» RECORD EXCERPTS:
/---
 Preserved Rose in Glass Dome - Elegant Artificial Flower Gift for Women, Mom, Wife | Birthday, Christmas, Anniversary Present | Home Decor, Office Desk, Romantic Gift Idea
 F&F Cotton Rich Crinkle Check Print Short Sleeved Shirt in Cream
\---
/---
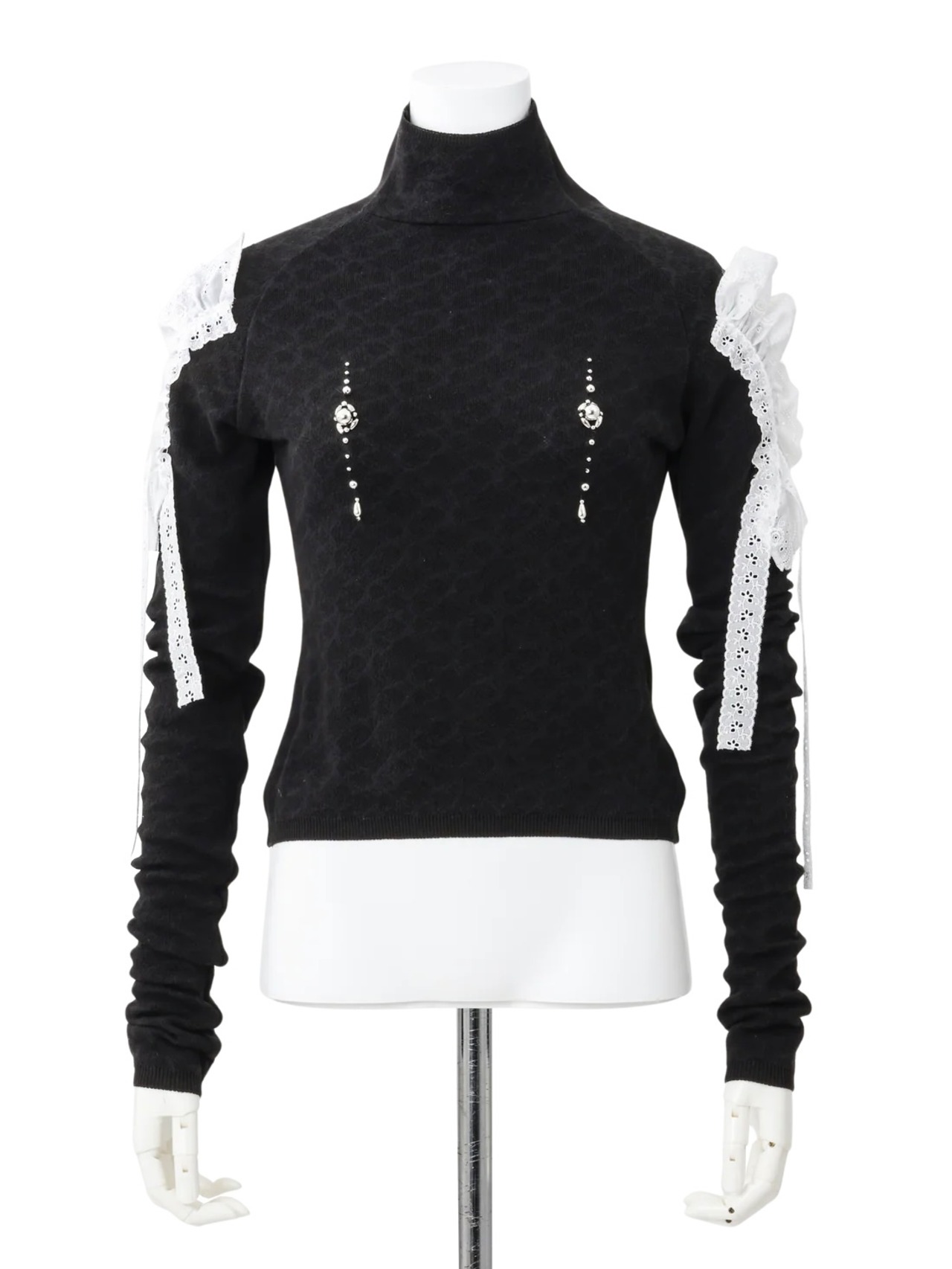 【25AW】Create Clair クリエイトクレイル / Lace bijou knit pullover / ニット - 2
\---
» TASK BRIEF:
From the entries above, extract only the lines running from the one containing "Preserved Rose in" through the one containing "F&F Cotton Rich", inclusive.

» WRITTEN ANSWER:
 Preserved Rose in Glass Dome - Elegant Artificial Flower Gift for Women, Mom, Wife | Birthday, Christmas, Anniversary Present | Home Decor, Office Desk, Romantic Gift Idea
 F&F Cotton Rich Crinkle Check Print Short Sleeved Shirt in Cream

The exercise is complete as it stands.